What this task involves: If a line of the records holds the word "your", copy it out.
======== Listed records
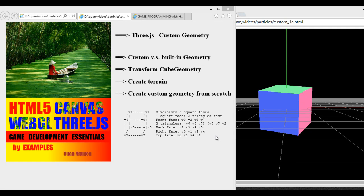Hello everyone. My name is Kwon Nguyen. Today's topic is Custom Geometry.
================
======== Listed records
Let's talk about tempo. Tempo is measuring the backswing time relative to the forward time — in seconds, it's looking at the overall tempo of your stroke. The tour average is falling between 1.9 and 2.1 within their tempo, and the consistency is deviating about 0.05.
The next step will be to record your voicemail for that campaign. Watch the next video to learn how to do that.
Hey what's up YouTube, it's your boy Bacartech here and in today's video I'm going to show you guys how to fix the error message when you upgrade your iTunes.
================
======== Listed records
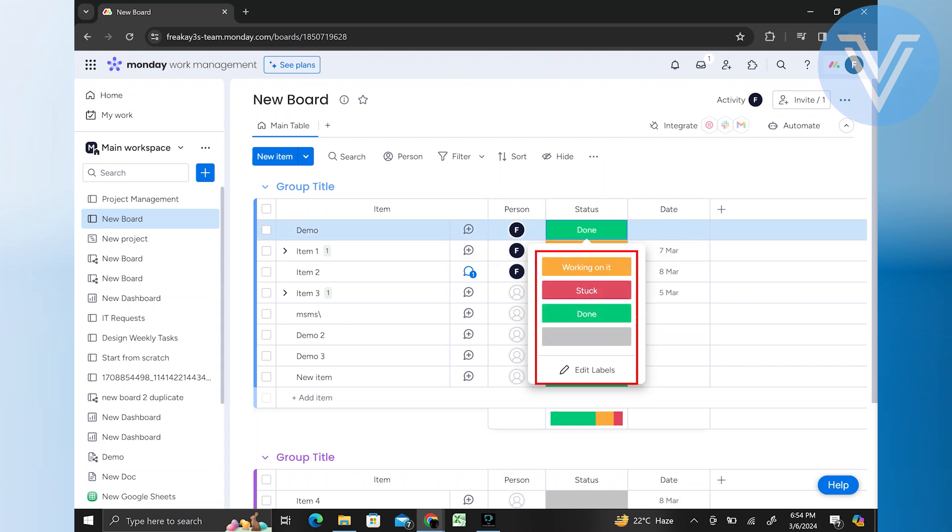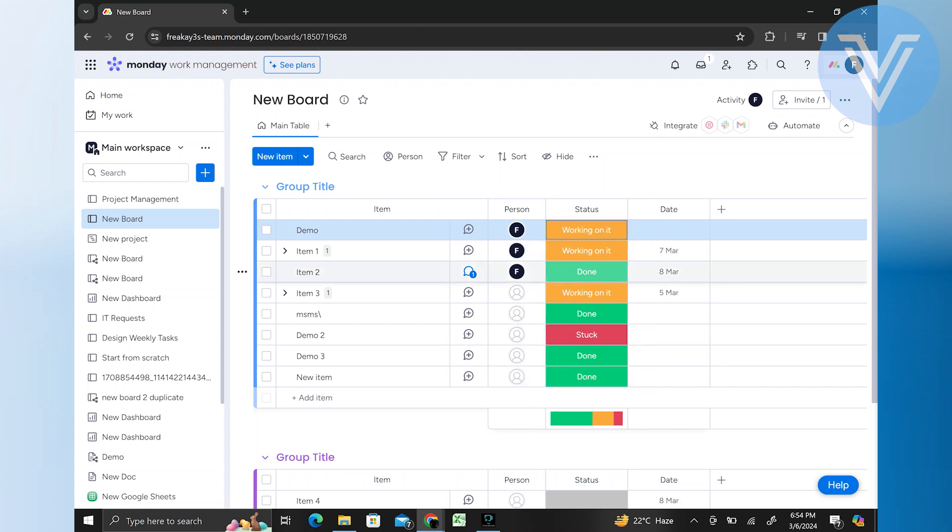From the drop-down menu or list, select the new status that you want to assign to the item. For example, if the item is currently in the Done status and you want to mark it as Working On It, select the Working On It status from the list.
================
Task response:
Let's talk about tempo. Tempo is measuring the backswing time relative to the forward time — in seconds, it's looking at the overall tempo of your stroke. The tour average is falling between 1.9 and 2.1 within their tempo, and the consistency is deviating about 0.05.
The next step will be to record your voicemail for that campaign. Watch the next video to learn how to do that.
Hey what's up YouTube, it's your boy Bacartech here and in today's video I'm going to show you guys how to fix the error message when you upgrade your iTunes.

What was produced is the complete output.